Moving from the political to the personal, my intellectual honesty project is first and foremost a project to examine and question my own ethical reasoning. I started thinking mostly about religion and faith, and planning to document a comprehensive and persuasive ‘coming out’ as atheist, but for various reasons have not been able or willing to give that project due justice. Meanwhile, as you know, I have been attempting to transition my diet towards vegetarianism for both environmental and ethical reasons, and this weekend I feel like I’ve made a moral breakthrough while reading Peter Singer’s Animal Liberation to want to commit fully to the real goal of veganism, and would like to briefly explain why and how.

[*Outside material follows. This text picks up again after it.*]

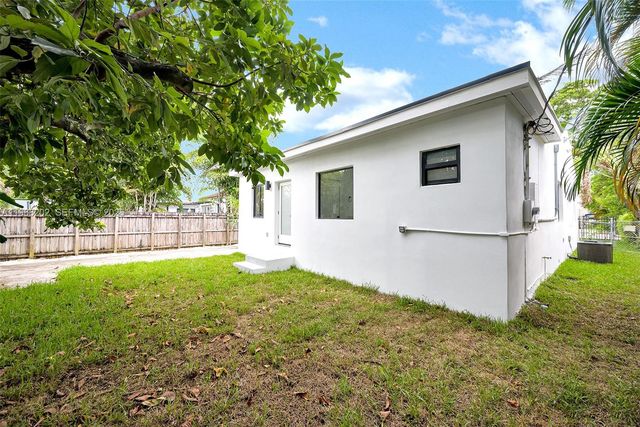 1854 SW 17th St, Miami, FL 33145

I already had a strong sense of why I care about food from an ecological sustainability perspective, given the excessive impacts of a meat-based diet on land, greenhouse gases, and water. That alone should be enough of a reason for any intellectually honest believer in climate change and the environment to actively try to eliminate beef from his/her diet. I’ve also been attempting to explicitly change my diet out of concern for the suffering of animals, as an intellectually honest ‘expanding of the circle’, to use Singer’s language, from our inherently selfish and tribal nature to a concern for all humans to, inevitably, a concern for all organisms capable of suffering. The book did not discuss one of Harris’s interesting expansions on the subject, in which he considers that the capacity for pain may be proportional to some measure of the brain’s complexity, so that the suffering of mammals, birds, fish, etc. can be meaningfully distinguished. But it made those differences almost not matter, where I have the choice to remove meat from my diet entirely. And more importantly, Animal Liberation made it painfully obvious to me that if I truly care about animal suffering, then being content with vegetarianism as the end goal is complete hypocrisy, since standard eggs are produced through exactly the same cruel factory farm conditions as poultry meat (i.e. systematic killing of male baby chicks, debeaking), and dairy products carry even greater harm through the systematic suffering of mother cows losing their children and calves heading for the veal industry. I could certainly have conceived of these ethical problems with greater thought, despite its perfect obfuscation by the capitalistic drug that is ignorance, and so I consider myself fully guilty of intellectual dishonesty on this issue.

So, having fared well in this transition away from an omnivorous lifestyle in the first half of 2016, I will now try actively to completely boycott animal products. The book also reminded me of the obvious point that this position must accompanied by efforts to persuade others to do the same, or else it loses its sustaining impact. And so expect me to write pretty regularly about my experience here, with best practices to impart, and always open to learn more myself. I’ve already tried to enforce vegetarianism at scale where I can, like in giving all my Stanford-related food events vegetarian menus. I’d like to do a mid-year progress report on what my dietary transition has meant in quantifiable results. Very recently, I discovered Rainbow Grocery which is about a 15 minute walk from my house, and it has an incredible selection of local, organic, and ethically conscious food that will make this diet much more easy and enjoyable (especially the possibility of truly ethical eggs; I’ll need to do more research on this but ‘pasture-raised’ seems to be a serious label, or else I was tricked into paying $10 for a dozen eggs). Today I also bought some multivitamins, including B-12, having read that these are some nutritional deficiencies to watch out for.

As we descend deeper into this brave new world, I invite you all to consider just how equipped your tools of reasoning are. They may be our only sources of light in the coming darkness.